## Problem to work on:
From the listing below, give again exactly the lines from the line with "-Pundi Pundi Restaurant" to the line with "Ступица колеса с", ends included, without any pictures.

## Data for the task:
++++++++++++++++++++
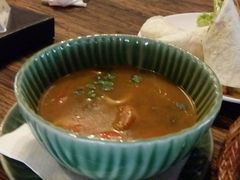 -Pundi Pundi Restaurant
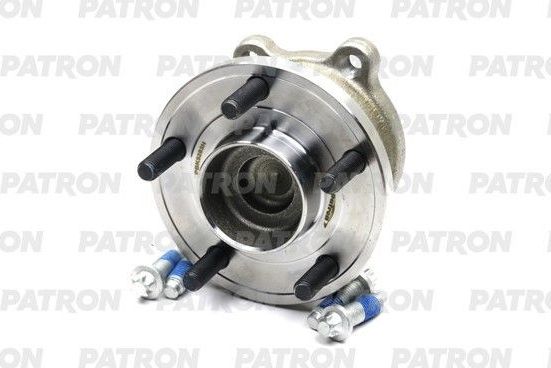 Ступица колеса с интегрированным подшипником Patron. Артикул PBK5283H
++++++++++++++++++++
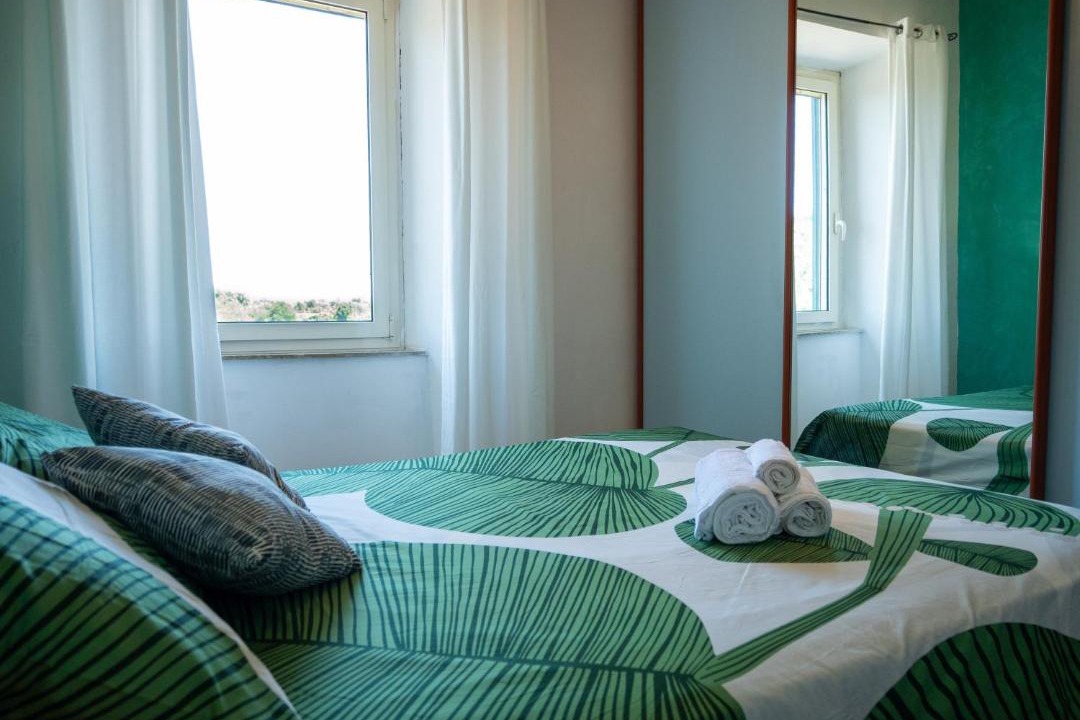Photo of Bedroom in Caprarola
++++++++++++++++++++
## Exercise solution:
 -Pundi Pundi Restaurant
 Ступица колеса с интегрированным подшипником Patron. Артикул PBK5283H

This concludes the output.